Cuando el auto se detuvo en Báez y Chenaut, en el corazón de la noche en Las Cañitas, Ripoll se mostró temerosa. Bromeó con negarse a bajar. "Esta gente tiene los problemas resueltos", intentó. Y al final, confesó que era su primera vez en el lugar. Después puso un pie en la calle y los ojos -delineados en celeste- casi se le desorbitan. "Esto es otro mundo", comentó mientras caminaba pegada al brazo de la cronista. "¿Tengo que hablar con la gente?¿Qué digo?", vaciló.
Bien arriba
Un grupo de chicas, recién bajadas de una 4x4, fue el objetivo. LA NACION la condujo hacia ellas. Luego de las presentaciones del caso, Claudia y Angeles Dominutti, Valeria Radío y Mariana Roca comenzaron a interrogarla sobre todo, menos de política.
"Yo no voto, soy de Olivos, pero si querés te ayudo con tu imagen, sé un montón de marketing. ¡Vilma, tenés que venir a un happy hour! Sería buenísimo, llámame", la invitó Valeria y le dio su tarjeta. Más relajada, Ripoll se sumó a la camaradería: "¡Un happy hour , me encantaría! Ay, chicas, ¿qué les parece que me ponga para ir a lo de Mirtha?"
-Tenés que darte un touch , sugirió Valeria.
-¿Un tach de qué?
-Un poco de cama solar, mejorar el color. El delineador así te tira para abajo. El make up es fundamental. Tenés que sacarte todo lo que sea down. Tenés que ser muy arriba . Las propuestas de campaña tipo tango, tipo bajón, no van más. Vos tenés que ser como sos, pero para arriba. Yo tengo una ropa divina, llamame que te puedo prestar algo, te va a quedar brutal", insistió la chica, mientras un mozo repartía champagne entre los que esperaban para entrar a comer. "No sé si me explico, nosotras queremos champagne, pero sin pizza", apuntó Mariana, que es personal trainner.
"Si me viera la gente de la Legislatura... Yo voté contra la ley seca", comentó la candidata entre risas.
"No, Vilma, que nadie nos saque el cabernet, te lo pido por favor", insistió Valeria. Después la invitaron a posar para una foto. Las chicas le sugirieron poner "trompita" para los flashes y Vilma les pidió que en lugar de whisky dijeran Trotski.

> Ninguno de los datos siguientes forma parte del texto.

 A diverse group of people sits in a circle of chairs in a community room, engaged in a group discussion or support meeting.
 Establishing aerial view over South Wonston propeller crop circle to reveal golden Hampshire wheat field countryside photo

Mua mua . Se despidieron a los besos y a los abrazos. "Quedamos para un happy hour , Vilma, llamame."
Arriba del auto, la candidata volvió en sí y trató de explicar lo que había ocurrido. "Tuve suerte, me encontré con unas locas divinas. Ves... yo quiero esto, pero para todos", definió.
Una noche de contrastes
Los tres puntos de la recorrida que preparó LA NACION para Vilma Ripoll estaban dentro un radio no mayor de 20 cuadras. Pero fueron la síntesis de los fuertes contrastes que viven a diario los vecinos de Palermo: oferta de sexo en la zona roja ubicada sobre la calle Godoy Cruz, el ejército de cartoneros que avanza por el barrio cuando cae la tarde y se replega antes de las 22 en la estación de trenes Carranza y la movida de Las Cañitas, un rincón que por las noches no escatima glamour.